Problem description: Each line below should be quoted exactly, please.

Information given below:

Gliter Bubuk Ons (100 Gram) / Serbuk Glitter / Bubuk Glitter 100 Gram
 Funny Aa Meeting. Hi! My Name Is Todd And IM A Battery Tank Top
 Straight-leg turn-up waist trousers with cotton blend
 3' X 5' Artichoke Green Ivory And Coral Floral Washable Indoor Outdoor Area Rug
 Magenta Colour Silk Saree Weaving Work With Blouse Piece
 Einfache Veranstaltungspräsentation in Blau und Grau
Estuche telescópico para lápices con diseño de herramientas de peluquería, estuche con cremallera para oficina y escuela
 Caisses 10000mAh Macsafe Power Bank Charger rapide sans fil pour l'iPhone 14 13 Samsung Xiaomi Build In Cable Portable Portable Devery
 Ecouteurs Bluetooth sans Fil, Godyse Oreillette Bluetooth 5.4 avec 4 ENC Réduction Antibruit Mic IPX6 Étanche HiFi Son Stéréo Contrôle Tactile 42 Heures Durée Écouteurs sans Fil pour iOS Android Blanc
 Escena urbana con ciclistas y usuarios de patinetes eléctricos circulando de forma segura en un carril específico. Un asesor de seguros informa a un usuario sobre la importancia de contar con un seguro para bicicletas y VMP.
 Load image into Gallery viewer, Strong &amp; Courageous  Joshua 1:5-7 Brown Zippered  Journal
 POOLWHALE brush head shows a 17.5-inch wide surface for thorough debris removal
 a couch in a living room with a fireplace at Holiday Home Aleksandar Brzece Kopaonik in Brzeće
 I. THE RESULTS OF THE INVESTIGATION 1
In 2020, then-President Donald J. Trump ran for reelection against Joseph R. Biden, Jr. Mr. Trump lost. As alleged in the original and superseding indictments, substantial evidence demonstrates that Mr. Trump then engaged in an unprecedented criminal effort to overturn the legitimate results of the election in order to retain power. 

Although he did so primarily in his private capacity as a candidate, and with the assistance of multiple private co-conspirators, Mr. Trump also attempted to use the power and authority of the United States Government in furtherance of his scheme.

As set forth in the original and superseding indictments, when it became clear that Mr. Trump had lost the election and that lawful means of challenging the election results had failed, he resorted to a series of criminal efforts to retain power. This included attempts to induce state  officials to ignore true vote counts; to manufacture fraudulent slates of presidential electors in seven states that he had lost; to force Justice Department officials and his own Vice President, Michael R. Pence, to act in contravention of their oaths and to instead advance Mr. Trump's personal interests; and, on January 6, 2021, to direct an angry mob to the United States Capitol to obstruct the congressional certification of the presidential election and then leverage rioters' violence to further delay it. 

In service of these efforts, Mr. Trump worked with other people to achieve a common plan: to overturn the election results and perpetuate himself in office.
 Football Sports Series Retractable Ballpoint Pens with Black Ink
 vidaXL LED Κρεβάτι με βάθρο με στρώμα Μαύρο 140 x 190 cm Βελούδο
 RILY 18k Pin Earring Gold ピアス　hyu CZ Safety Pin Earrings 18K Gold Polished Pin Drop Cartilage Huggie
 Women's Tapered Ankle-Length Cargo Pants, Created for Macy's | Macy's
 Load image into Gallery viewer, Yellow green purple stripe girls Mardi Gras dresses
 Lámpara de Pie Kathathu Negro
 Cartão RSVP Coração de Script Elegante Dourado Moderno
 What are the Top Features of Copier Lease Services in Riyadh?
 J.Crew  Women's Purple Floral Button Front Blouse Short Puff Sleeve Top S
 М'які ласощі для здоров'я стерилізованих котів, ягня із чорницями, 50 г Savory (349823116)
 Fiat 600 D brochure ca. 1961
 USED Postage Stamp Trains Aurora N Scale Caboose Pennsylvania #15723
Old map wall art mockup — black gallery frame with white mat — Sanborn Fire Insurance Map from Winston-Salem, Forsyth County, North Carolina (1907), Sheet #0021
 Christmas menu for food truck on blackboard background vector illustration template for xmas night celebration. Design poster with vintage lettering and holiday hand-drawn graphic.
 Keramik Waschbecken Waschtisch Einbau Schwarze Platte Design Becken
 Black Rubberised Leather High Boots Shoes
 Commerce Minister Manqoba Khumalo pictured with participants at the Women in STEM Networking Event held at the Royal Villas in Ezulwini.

End of Information given.

Answer box:
Gliter Bubuk Ons (100 Gram) / Serbuk Glitter / Bubuk Glitter 100 Gram
 Funny Aa Meeting. Hi! My Name Is Todd And IM A Battery Tank Top
 Straight-leg turn-up waist trousers with cotton blend
 3' X 5' Artichoke Green Ivory And Coral Floral Washable Indoor Outdoor Area Rug
 Magenta Colour Silk Saree Weaving Work With Blouse Piece
 Einfache Veranstaltungspräsentation in Blau und Grau
Estuche telescópico para lápices con diseño de herramientas de peluquería, estuche con cremallera para oficina y escuela
 Caisses 10000mAh Macsafe Power Bank Charger rapide sans fil pour l'iPhone 14 13 Samsung Xiaomi Build In Cable Portable Portable Devery
 Ecouteurs Bluetooth sans Fil, Godyse Oreillette Bluetooth 5.4 avec 4 ENC Réduction Antibruit Mic IPX6 Étanche HiFi Son Stéréo Contrôle Tactile 42 Heures Durée Écouteurs sans Fil pour iOS Android Blanc
 Escena urbana con ciclistas y usuarios de patinetes eléctricos circulando de forma segura en un carril específico. Un asesor de seguros informa a un usuario sobre la importancia de contar con un seguro para bicicletas y VMP.
 Load image into Gallery viewer, Strong &amp; Courageous  Joshua 1:5-7 Brown Zippered  Journal
 POOLWHALE brush head shows a 17.5-inch wide surface for thorough debris removal
 a couch in a living room with a fireplace at Holiday Home Aleksandar Brzece Kopaonik in Brzeće
 I. THE RESULTS OF THE INVESTIGATION 1
In 2020, then-President Donald J. Trump ran for reelection against Joseph R. Biden, Jr. Mr. Trump lost. As alleged in the original and superseding indictments, substantial evidence demonstrates that Mr. Trump then engaged in an unprecedented criminal effort to overturn the legitimate results of the election in order to retain power. 

Although he did so primarily in his private capacity as a candidate, and with the assistance of multiple private co-conspirators, Mr. Trump also attempted to use the power and authority of the United States Government in furtherance of his scheme.

As set forth in the original and superseding indictments, when it became clear that Mr. Trump had lost the election and that lawful means of challenging the election results had failed, he resorted to a series of criminal efforts to retain power. This included attempts to induce state  officials to ignore true vote counts; to manufacture fraudulent slates of presidential electors in seven states that he had lost; to force Justice Department officials and his own Vice President, Michael R. Pence, to act in contravention of their oaths and to instead advance Mr. Trump's personal interests; and, on January 6, 2021, to direct an angry mob to the United States Capitol to obstruct the congressional certification of the presidential election and then leverage rioters' violence to further delay it. 

In service of these efforts, Mr. Trump worked with other people to achieve a common plan: to overturn the election results and perpetuate himself in office.
 Football Sports Series Retractable Ballpoint Pens with Black Ink
 vidaXL LED Κρεβάτι με βάθρο με στρώμα Μαύρο 140 x 190 cm Βελούδο
 RILY 18k Pin Earring Gold ピアス　hyu CZ Safety Pin Earrings 18K Gold Polished Pin Drop Cartilage Huggie
 Women's Tapered Ankle-Length Cargo Pants, Created for Macy's | Macy's
 Load image into Gallery viewer, Yellow green purple stripe girls Mardi Gras dresses
 Lámpara de Pie Kathathu Negro
 Cartão RSVP Coração de Script Elegante Dourado Moderno
 What are the Top Features of Copier Lease Services in Riyadh?
 J.Crew  Women's Purple Floral Button Front Blouse Short Puff Sleeve Top S
 М'які ласощі для здоров'я стерилізованих котів, ягня із чорницями, 50 г Savory (349823116)
 Fiat 600 D brochure ca. 1961
 USED Postage Stamp Trains Aurora N Scale Caboose Pennsylvania #15723
Old map wall art mockup — black gallery frame with white mat — Sanborn Fire Insurance Map from Winston-Salem, Forsyth County, North Carolina (1907), Sheet #0021
 Christmas menu for food truck on blackboard background vector illustration template for xmas night celebration. Design poster with vintage lettering and holiday hand-drawn graphic.
 Keramik Waschbecken Waschtisch Einbau Schwarze Platte Design Becken
 Black Rubberised Leather High Boots Shoes
 Commerce Minister Manqoba Khumalo pictured with participants at the Women in STEM Networking Event held at the Royal Villas in Ezulwini.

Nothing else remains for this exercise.